La Libia non è un porto sicuro, quindi facilitare la riconsegna dei migranti alle autorità di Tripoli è un crimine. A stabilirlo è una sentenza definitiva destinata a fare giurisprudenza. Infatti, avrà effetti su processi e indagini in corso, oltre che ricadute a livello politico. Infatti, la Corte di Cassazione ha confermato la condanna per il comandante di un rimorchiatore italiano, “Asso 28“, che aveva soccorso 101 migranti per poi affidarli a una motovedetta libica. I giudici hanno bocciato il ricorso del comandante del rimorchiatore di servizio presso alcune piattaforme petrolifere, in quanto colpevole dei «reati di abbandono in stato di pericolo di persone minori o incapaci, e di sbarco e abbandono arbitrario di persone», previsto dal Codice della navigazione. Peraltro, l’operazione di soccorso si sviluppo in maniera misteriosa, come evidenziato da Avvenire, la cui inchiesta giornalistica, condotta tramite informazioni raccolte tra diversi naviganti e comunicazioni radio registrate dalla nave del soccorso civile “Open Arms“, smascherò una pratica su cui ora la Cassazione pone una parola definitiva.

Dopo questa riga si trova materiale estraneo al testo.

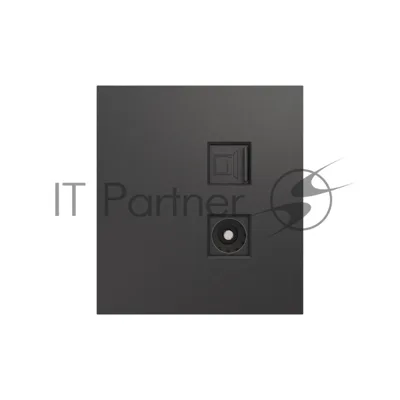 Розетка телевизионная Kranz STRONG компьютерная RJ45 кат6 + TV с/у графит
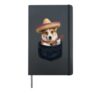 Sombrero Welsh Corgi Dog Playing Guitar Cinco de Mayo Hardcover Journal, Black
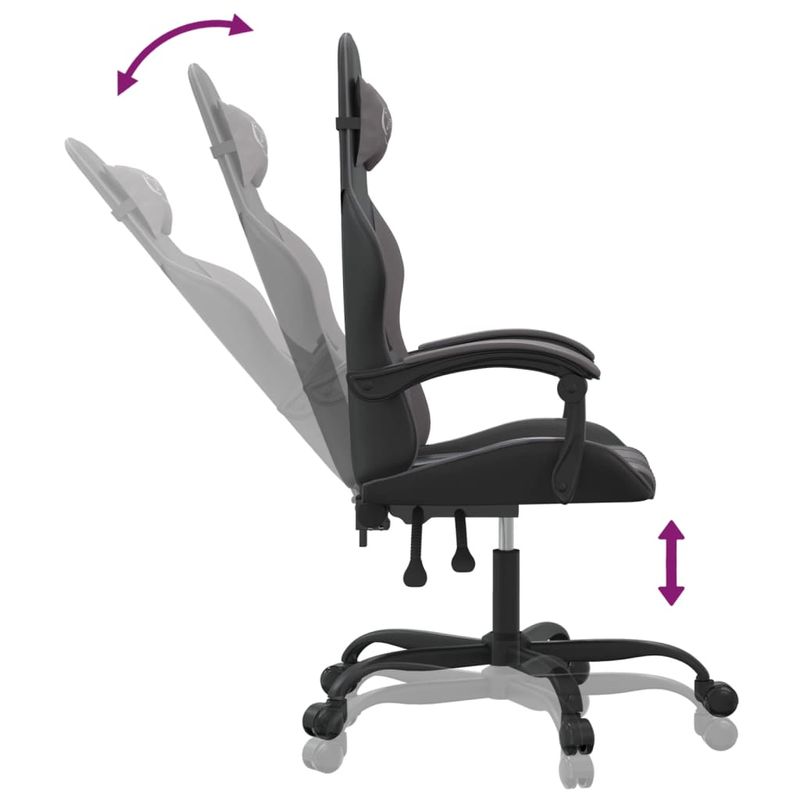 PC, gaming si accesorii - Gaming - Accesorii gaming - Scaune gaming - Scaun de jocuri, negru si gri, piele ecologica - Infinity.ro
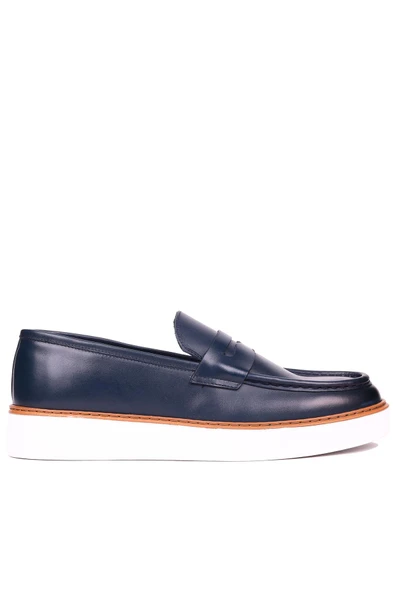 Shoetyle - Lacivert Deri Bağcıksız Erkek Günlük Ayakkabı 101-083 ürün görseli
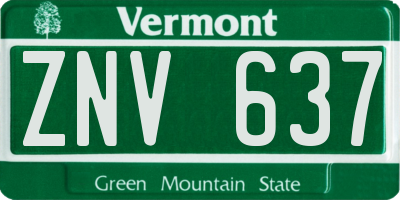 VT license plate ZNV637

Nella sentenza si legge che l’imputato prestò immediato soccorso ai migranti, tra cui c’erano donne in gravidanza e minori di anni 14 anni, «omettendo di comunicare nella immediatezza, prima di iniziare le procedure di soccorso, ai centri di coordinamento e soccorso competenti, l’avvistamento e l’avvenuta presa in carico delle persone, agendo in violazione delle procedure previste per le operazioni di soccorso». Inoltre, non furono identificati i migranti né venivano prese informazioni su provenienza e nazionalità, condizioni di salute, se sottoporli a visita medica, se volevano chiedere asilo e se i minori erano accompagnati o soli. Il rimorchiatore, ricevendo indicazioni via radio da un funzionario mai identificato di un’azienda privata, rimasta sconosciuta alle indagini, e di cui il capitano non ha mai rivelato l’identità, non si diresse verso l’Italia, ma si mosse verso la Libia, dove «riconduceva i 101 naufraghi imbarcati, facendoli trasbordare su una motovedetta libica, procurando ad essi un danno grave, consistente nel loro respingimento collettivo, quale condotta vietata dalle convenzioni internazionali».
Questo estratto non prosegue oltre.